I got it apart and when I turn the crank by hand I think I can hear a noise coming from the valve train. I'm guessing stuck lifter maybe.
I think the tensioner looks okay
I'd be more nervous about putting it back together without pulling the cams than I would be about putting it together without replacing the chain. That's my way of saying I'd pull the cams next. Any reported lifter issues on these?
wae
SuperDork
9/16/18 8:56 p.m.
In reply to mazdeuce - Seth :
Yeah, the lifters are my primary suspect and I'm getting ready to pull the cams now. I'm not aware of it being a known problem, but our friends in Stuttgart recommended a 10k oil change interval so some nastiness in there wouldn't surprise me. I left the cams in so I could perform the "official" timing chain measurement check and I have way fewer than 11 degrees atdc movement on the crank pulley when I lock the cam, so that should rule out a stretched chain.
I know that when a lifter makes a squish noise it means that the check valve is failed. Should a hydraulic tensioner make that noise? Mine is which could... Oh.. hum. That could make the chain slap around if it's gaining and losing tension. Time to do some research.
wae
SuperDork
9/16/18 9:19 p.m.
Just got the tensioner on the bench. I can compress it with one hand and it won't hold its oil. Sounds fatal to me.

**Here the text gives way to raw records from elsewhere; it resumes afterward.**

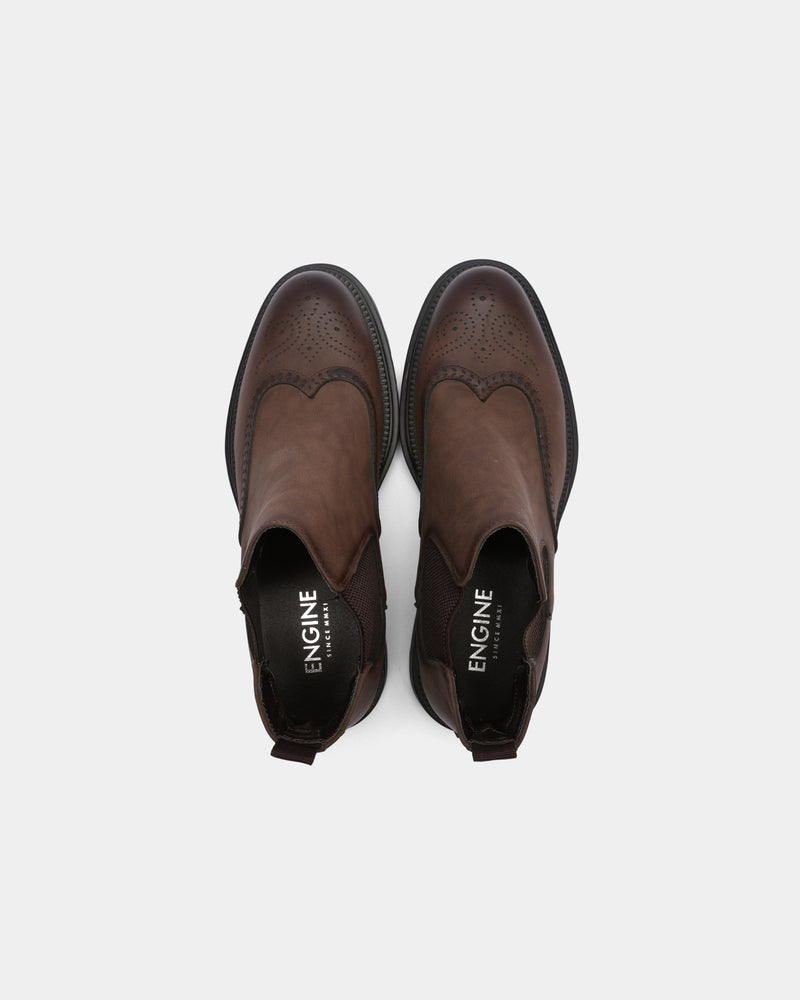 Men Chelsea Boots - Engine - Buy Now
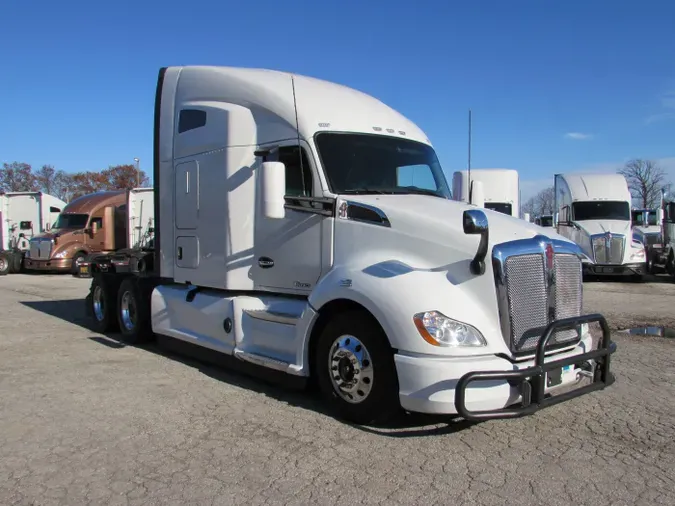 2021 Kenworth T680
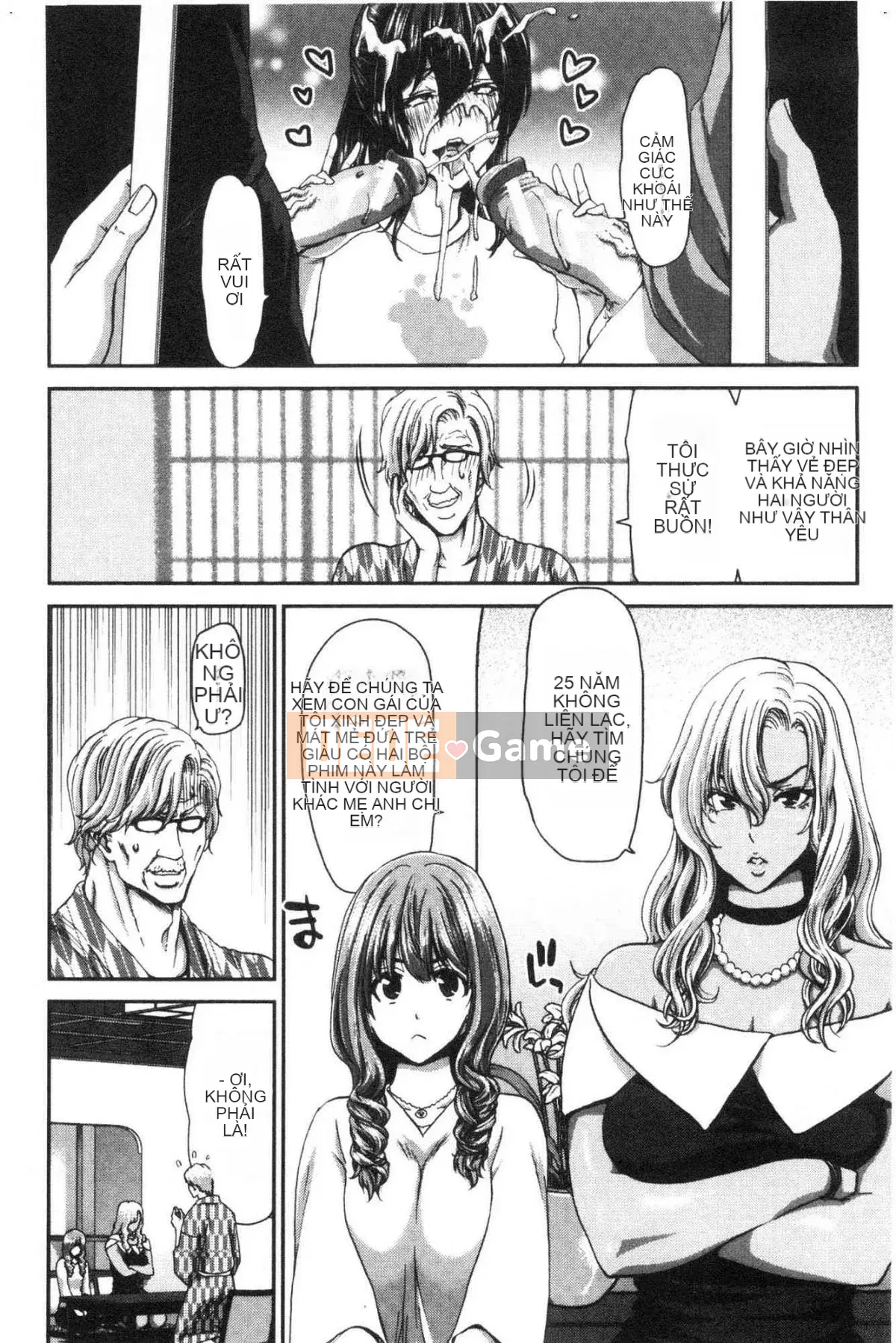 [Kazeteki Koubou][Hiroaki Hori] Piston nghiêm túc của gã tôi ghét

I'd replace it on general principle, but that's me. It it's thaaaaaat bad you can always just stab a new one in and see if that fixes it. Half day to reassemble. Five minutes to reevaluate if the sound is there and then maybe half a day to get back where you are?
wae
SuperDork
9/16/18 10:02 p.m.
In reply to mazdeuce - Seth :
That's what I'm thinking. I'm getting pretty good at tearing into the valve train so it won't take that long to get back in if I'm wrong. But it's where the noise was loudest and it takes almost no effort to collapse the tensioner so I think it's a bet worth taking. While I wait on parts I can go ahead and pull the cams and check the lifters just to make sure.
wae
SuperDork
9/19/18 5:32 p.m.
The stack of parts from pelican arrived two days before schedule so I'm getting back in to it. I planned to spend tonight cleaning up the head an the valve cover surfaces and taking care of the burnt wires. Since the parts are here, I'll see how far I can get!
Crispy!
Wait what happened to the wires?
wae
SuperDork
9/19/18 6:48 p.m.
In reply to dean1484 :
When I bought it, it turned out that for some reason the exhaust had been disconnected from the turbo and never actually reconnected. I discovered this when I got a MIL for the swirl motor and for the fuel pressure sensor failure. Turned out that the swirl motor and the sensor were literally melted. Apparently there were also some wires that got burned up in that event as well and I found them when I was taking the valve cover off.
It blows my mind that a modern Mercedes can even operate without going into some sort of electronic seizure with those wires like that.